Napoleón sabía que, una vez que sus intentos de disuadir a una o más de las potencias aliadas de invadir Francia habían fracasado, su única posibilidad de permanecer en el poder era atacarles antes de que los aliados pudieran reunirse en una fuerza abrumadora. Si lograba destruir a las fuerzas aliadas existentes en Bélgica antes de que se reforzaran, estaría en condiciones de atacar a los ingleses conduciéndolos al mar, mientras expulsaba a los prusianos de la guerra; una estrategia que le había servido en anteriores ocasiones.

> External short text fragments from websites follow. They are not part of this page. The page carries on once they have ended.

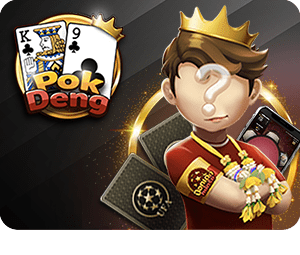 188BET Game Bài Hot: How to Maximize Your Winnings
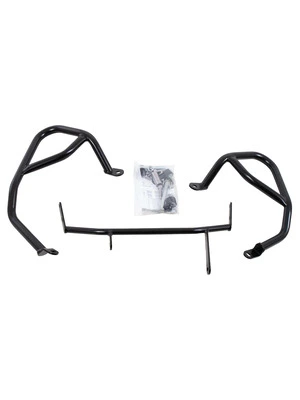 Barre de protection du réservoir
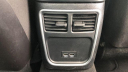 Thumbnail image of 2023 Dodge Charger at Jim Riehl's Friendly Chrysler Dodge Jeep Ram of Lapeer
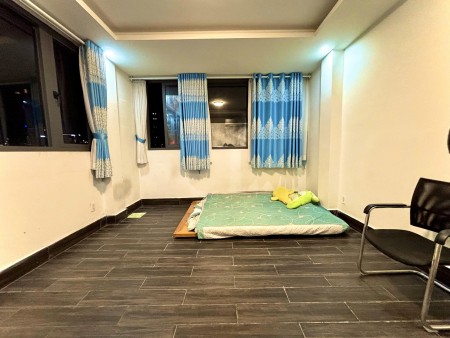 CHUYỂN NHƯỢNG PHÒNG TRỌ NGUYỄN THỊ THẬP, QUẬN 7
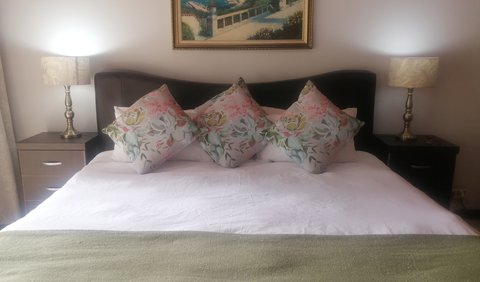 Room 3: SUPERIOR photo 3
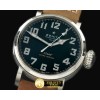제니스 Pilot Type 20 SS/LE A2824 -ZEN014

El inicio de la batalla de Waterloo, el 18 de junio, se demoró durante bastantes horas, mientras Napoleón esperaba a que el suelo del campo de batalla se secara de la lluvia de la noche anterior. A últimas horas de la tarde, el ejército francés no había conseguido expulsar a las fuerzas aliadas de Wellington de la colina donde se habían hecho fuertes. Una vez que los prusianos llegaron, atacando el flanco derecho francés en número cada vez mayor, el punto clave de la estrategia de Napoleón de dividir a los ejércitos enemigos había fallado, y su ejército era empujado de sus posiciones por el avance combinado de los aliados. A la mañana siguiente, la batalla de Wavre terminó con una victoria francesa que ya no servía para nada. El ala de Grouchy del ejército del norte se retiraba en orden, y otros elementos del ejército francés se encontraban en condiciones de unirse a él. Sin embargo, el ejército ya no tenía la fuerza necesaria para resistir a las fuerzas aliadas combinadas, por lo que se retiraron hacia París.

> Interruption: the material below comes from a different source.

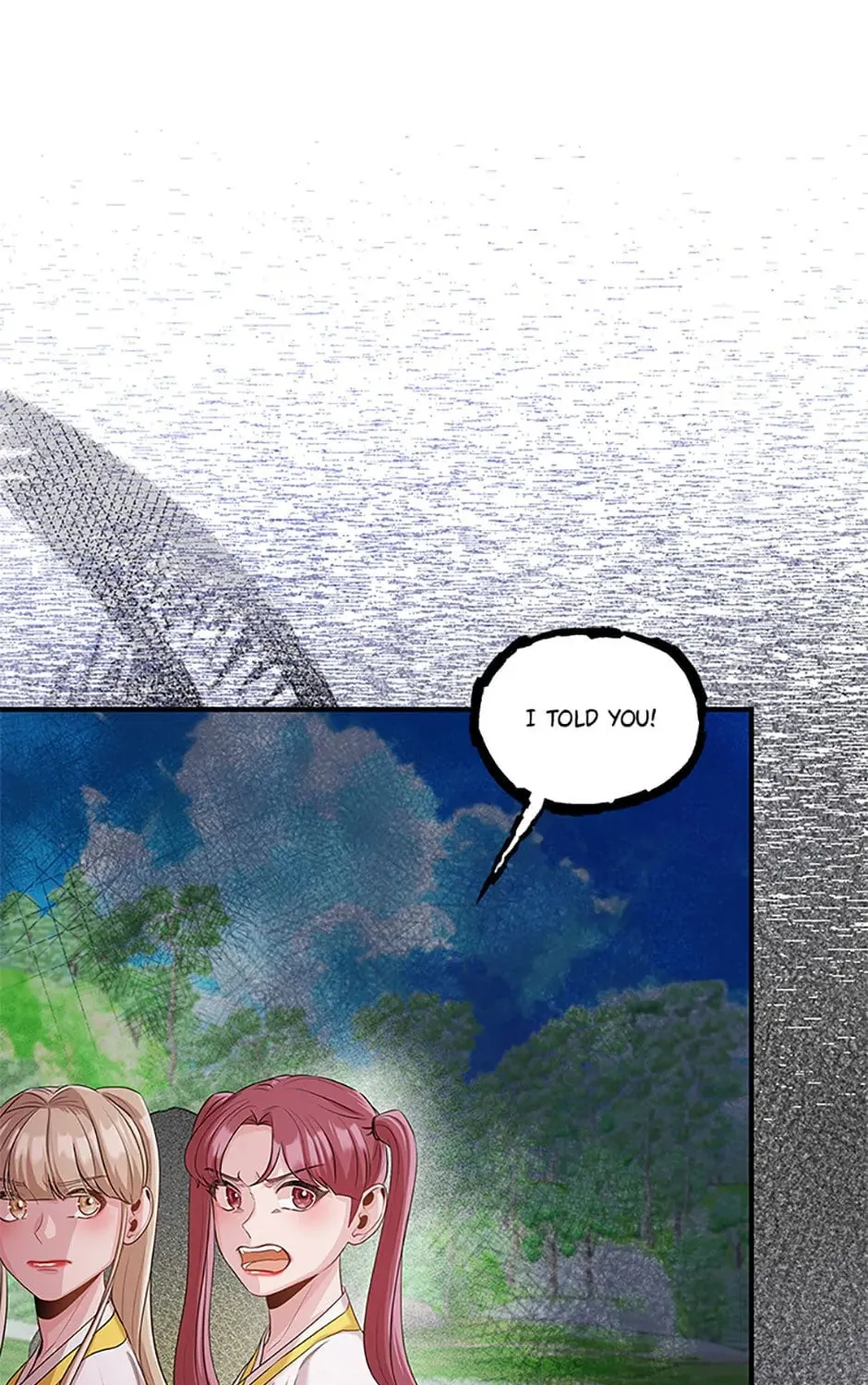 Read Avoiding the Heavenly Emperor chapter 81 image 110 on Lezhin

Al llegar a París, tres días después de Waterloo, Napoleón aún mantenía la esperanza de preparar una resistencia nacional, pero el ambiente en las cámaras y en la opinión pública en general le impidió llevarla a cabo. Él mismo y Lucien Bonaparte estaban solos en la creencia de que, disolviendo las cámaras y declarando la dictadura de Napoleón, podrían salvar a Francia de los ejércitos de las potencias que ahora convergían sobre París. Hasta Davout, ministro de la guerra, advirtió a Napoleón de que el destino de Francia solo se podía hallar en las cámaras, lo cual era verdad.

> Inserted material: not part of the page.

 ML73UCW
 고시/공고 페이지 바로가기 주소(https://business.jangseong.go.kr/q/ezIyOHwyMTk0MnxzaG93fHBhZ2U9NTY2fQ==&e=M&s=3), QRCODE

La carrera de Napoleón, que había conducido a Francia mucho más lejos de lo que se encontraba a principios de 1789, ahora le devolvía a su punto de partida, lo mismo que, en el aspecto físico, hicieron sus campañas entre 1796 y 1814, que al principio habían aumentado enormemente sus dominios, para luego encogerse de una forma todavía más portentosa. Ahora era claramente el momento de salvaguardar lo que aún pudiera conservarse, y esto lo podría hacer Talleyrand desde su apariencia de legitimidad. El mismo Napoleón reconoció finalmente la verdad. Cuando Lucien le presionó para que se atreviera a tomar la iniciativa dictatorial, le replicó: «Ya me he atrevido demasiado». El 22 de junio de 1815, abdicaba en favor de su hijo, Napoleón II Bonaparte, sabiendo de antemano que esto era simplemente una formalidad, ya que su hijo se encontraba en Austria. El 25 de junio recibió de Fouché, el presidente del recientemente constituido gobierno provisional, la insinuación de que debía dejar París. Napoleón se retiró entonces a Malmaison, la antigua casa de Josephine, donde esta había muerto poco después de la primera abdicación. El 29 de junio, la aproximación de los prusianos, que tenían órdenes de capturarle vivo o muerto, le hizo retirarse el 3 de julio hacia Rochefort y el 9 a Île-d'Aix, donde esperaba poder embarcar hacia los Estados Unidos. La definitiva restauración de Luis XVIII tuvo lugar el 8 de julio. Napoleón, sin embargo, nunca llegó a América, sino que bloqueado por la Marina Real tuvo que rendirse al HMS Bellerophon el 15 de julio y enviado al exilio en la isla de Santa Elena. Donde pasó el resto de su vida, hasta su fallecimiento el 5 de mayo de 1821 en la casa de Longwood.